Similarly, for the 10 most popular cities in the Olympics data (from Question 4), make a dotchart that shows how many times each city occurred in the Olympics data.

Deliverables

Make a dotchart that shows how many flights originated from each of the 20 most popular airports in the year 2007.
Make a dotchart that shows how many times each of the 10 most popular cities occurred in the Olympics data.
Be sure to document your work from Question 5, using some comments and insights about your work.

Submitting your Work

Please make sure that you added comments for each question, which explain your thinking about your method of solving each question. Please also make sure that your work is your own work, and that any outside sources (people, internet pages, generating AI, etc.) are cited properly in the project template.

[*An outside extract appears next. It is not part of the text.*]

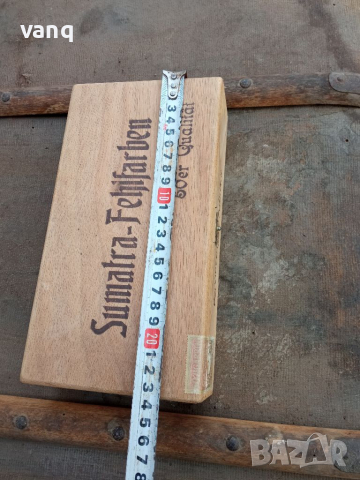 Дървена кутия за пури, снимка 2 - Колекции - 36540900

Congratulations! Assuming you’ve completed all the above questions, you’ve just finished your first project for TDM 10100! If you have any questions or issues regarding this project, please feel free to ask in seminar, over Piazza, or during office hours.

Prior to submitting your work, you need to put your work into the project template, and re-run all of the code in Jupyter Lab and make sure that the results of running that code is visible in your template. Please check the detailed instructions on how to ensure that your submission is formatted correctly. To download your completed project, you can right-click on the file in the file explorer and click 'download'.

Once you upload your submission to Gradescope, make sure that everything appears as you would expect to ensure that you don’t lose any points. We hope your first project with us went well, and we look forward to continuing to learn with you on future projects!!

Items to submit

firstname_lastname_project1.ipynb

It is necessary to document your work, with comments about each solution. All of your work needs to be your own work, with citations to any source that you used. Please make sure that your work is your own work, and that any outside sources (people, internet pages, generating AI, etc.) are cited properly in the project template.

You must double check your .ipynb after submitting it in gradescope. A very common mistake is to assume that your .ipynb file has been rendered properly and contains your code, markdown, and code output even though it may not.

Please take the time to double check your work. See here for instructions on how to double check this.

You will not receive full credit if your .ipynb file does not contain all of the information you expect it to, or if it does not render properly in Gradescope. Please ask a TA if you need help with this.